Desde luego, la más grave es la del transporte desde la zona de hoteles al Centro Cultural Universitario. La distancia es larga, el tráfico es ya pesado y uno está dispuesto a soplarse los 40 minutos que, en promedio, se necesitan para hacer ese recorrido, si no fuera porque los transportes salen cada dos horas de su base. Eso deja pocas posibilidades de administrar el horario de manera eficiente. Y una vez que se llega a dicho recinto, uno se resigna a pasar todo el día en el desértico lugar. (No quiero ni empezar a hablar de la calidad de los alimentos que se ofrecen en los llamados food trucks).

Me imagino que el presupuesto del festival no alcanza para más. Pero si se pudieran conseguir recursos milagrosos, éstos deberían aplicarse de inmediato al transporte. Turnos de una hora ya serían muy agradecibles.

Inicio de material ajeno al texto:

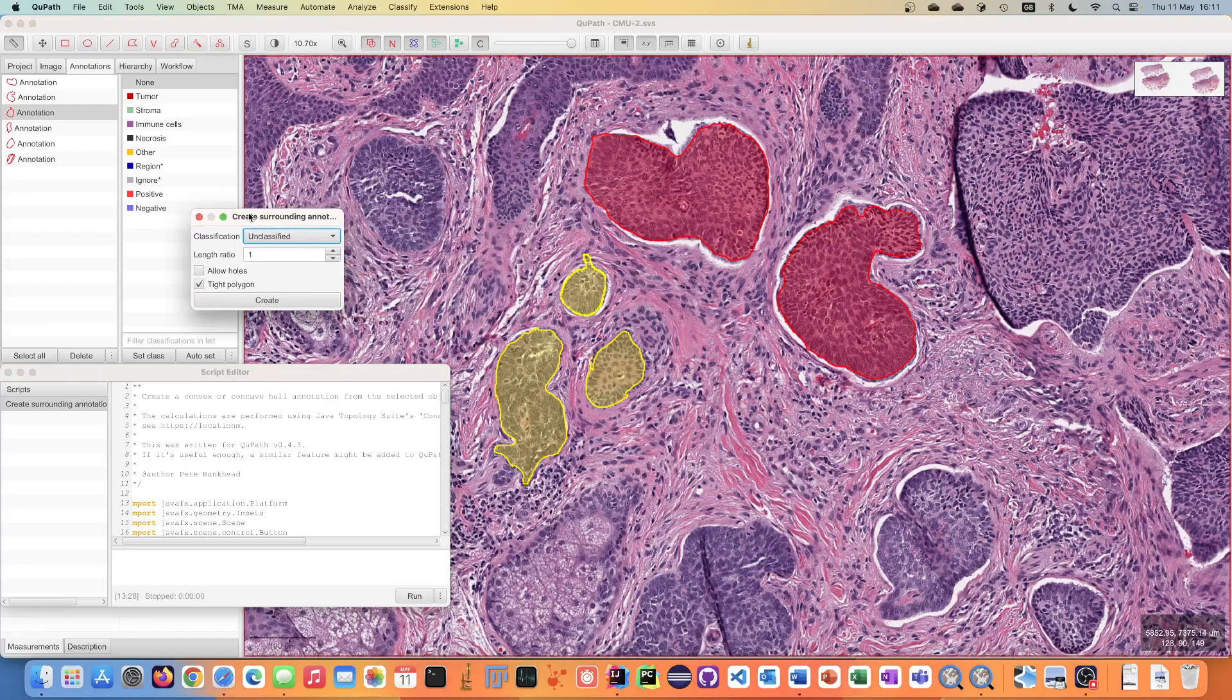Basically it tries to solve the problem where you might have multiple disconnected objects within QPath but you would like to create an annotation that surrounds all of them.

Otro detalle que ayudaría a tener más posibilidades de ver las películas programadas sería aprovechar los horarios de las mañanas. En la mayoría de los casos, las funciones comienzan a las tres de la tarde –sí, justo a la hora de la comida–, desperdiciando toda la mañana. En anteriores ediciones, se hacían funciones matutinas para prensa e invitados, por lo menos del material nacional, dándole así un necesario empujón. Sería recomendable recuperar esa práctica, sobre todo porque las funciones públicas gozan, por suerte, de una gran afluencia y uno corre el peligro de quedarse afuera (me ocurrió en un par de ocasiones).

Y ya puestos a hacer nostalgia de ediciones pasadas, se echan de menos cosas como la Fiesta del Cine Mexicano, que reunía a la mayoría de los invitados en un amplio salón de baile y promovía el rencuentro y la conocencia. Sí, hay varios cocteles durante el festival, pero no es lo mismo. Sucede que uno encuentra a más gente conocida durante el desayuno en los hoteles que en dichas reuniones. (Aunque también se extrañan las excursiones a Chapala y Tlaquepaque, ésas sí resultan inconcebibles en las dimensiones que ahora tiene el festival).

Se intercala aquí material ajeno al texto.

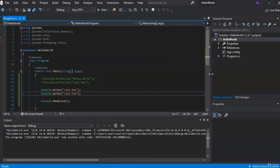We learned a little bit about the console and what we could do, the namespaces, and we wrote our first application. I'll see you guys in the next lesson.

Una amiga extranjera que fue invitada como miembro de un jurado, me comentaba que, a la mitad del festival, no había conocido aún a sus compañeros de jurado. En otros tiempos, se procuraba que los jurados se movieran al unísono, como una pequeña familia, para promover el oportuno intercambio de ideas. Claro, para eso se necesitaría un transporte designado para moverlos de un lado a otro. Y volvemos a lo mismo.

En las actuales condiciones hay tantas actividades simultáneas que, si uno quiere ver películas, debe sacrificar los coloquios, o master classes o como se quieran llamar. O viceversa. Y así uno se pierde también de las publicaciones editadas para quienes son homenajeados con un premio Mayahuel. Mismas que no se pueden conseguir fuera de su conferencia específica (antes se obsequiaban a los invitados. ¡Qué tiempos aquéllos!). Esos útiles libros –últimamente escritos por Roberto Fiesco– desaparecen sin dejar rastro.

En fin. Esas son modestas propuestas para afianzar el festival de cine más longevo del país.